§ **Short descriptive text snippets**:
_ _ _ _
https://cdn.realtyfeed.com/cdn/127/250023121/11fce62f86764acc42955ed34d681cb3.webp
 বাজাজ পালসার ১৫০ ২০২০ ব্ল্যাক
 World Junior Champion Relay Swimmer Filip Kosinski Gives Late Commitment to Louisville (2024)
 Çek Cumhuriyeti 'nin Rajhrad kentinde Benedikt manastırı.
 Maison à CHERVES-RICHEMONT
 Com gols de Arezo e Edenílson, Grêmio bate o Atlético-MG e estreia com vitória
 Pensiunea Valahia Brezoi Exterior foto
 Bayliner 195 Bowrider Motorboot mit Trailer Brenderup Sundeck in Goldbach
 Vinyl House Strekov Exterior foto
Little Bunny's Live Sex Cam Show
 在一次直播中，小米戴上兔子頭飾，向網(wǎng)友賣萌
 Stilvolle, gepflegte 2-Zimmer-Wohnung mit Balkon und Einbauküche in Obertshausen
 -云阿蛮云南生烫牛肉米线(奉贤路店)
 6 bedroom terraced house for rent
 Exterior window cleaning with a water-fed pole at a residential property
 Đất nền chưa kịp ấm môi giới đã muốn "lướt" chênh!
_ _ _ _
§ **Exercise objective**:
Copy each line of the records that contains the word "foto".

§ **Response to the task**:
 Pensiunea Valahia Brezoi Exterior foto
 Vinyl House Strekov Exterior foto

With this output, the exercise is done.